Friedman writes: During the two hundred years that those two
kingdoms existed side by side, there lived two of the writers
we are seeking. Each composed a version of the people's story.
Both versions became part of the Bible.
Although two writers have been identified,
in the span of two hundred years could one individual have lived
and personally documented the kings stories as written? Each
composed their version of the people's story. What a wealth
of fiction could be introduced into the composition of each
writer to fill in events that he (or maybe she) did not witness.

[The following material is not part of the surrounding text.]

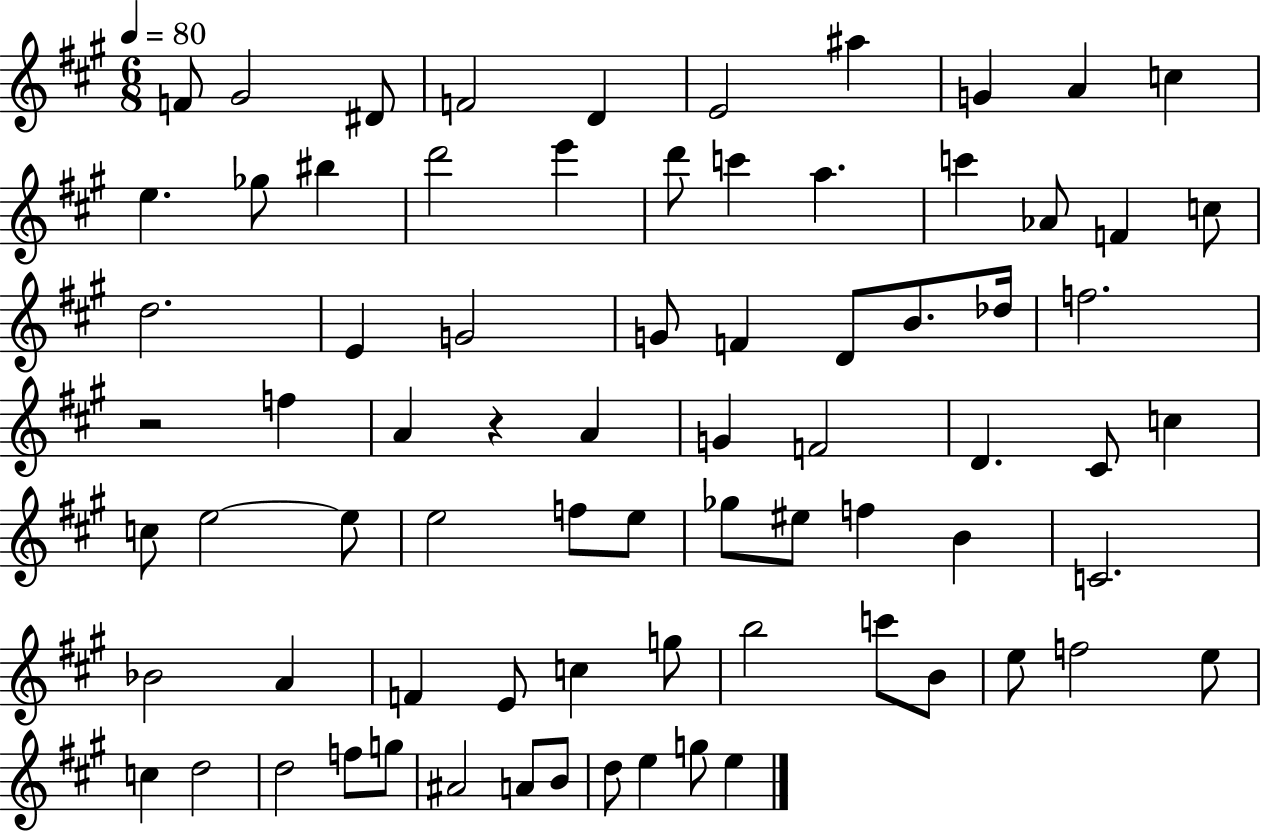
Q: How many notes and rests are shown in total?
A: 76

Friedman goes on to identify those two of the
writers showing how they were identified by centuries of patient
research. Investigators, whom Friedman documents, saw that the
confusion was not simple contradiction but two separate works
that someone had cut up and combined into one. The book is well-written
as far as it goes. There is no evidence brought to light, or
even mentioned, as to whether or not subsequent copiers rewrote
passages according to their own consciences. Remember that every
reproduction was made in long hand (think of all those words)
until the invention of the printing press.
For those seeking answers to the contradictions
in the Bible because they want to keep their faith this book
puts doubts to rest. A great deal of history from two writers
perspective is revealed. However the validity of that history
is still based on the revelations of a supernatural being. To
think that meticulous research makes Judaism or Christianity
any more acceptable as human law is ignorance or denial.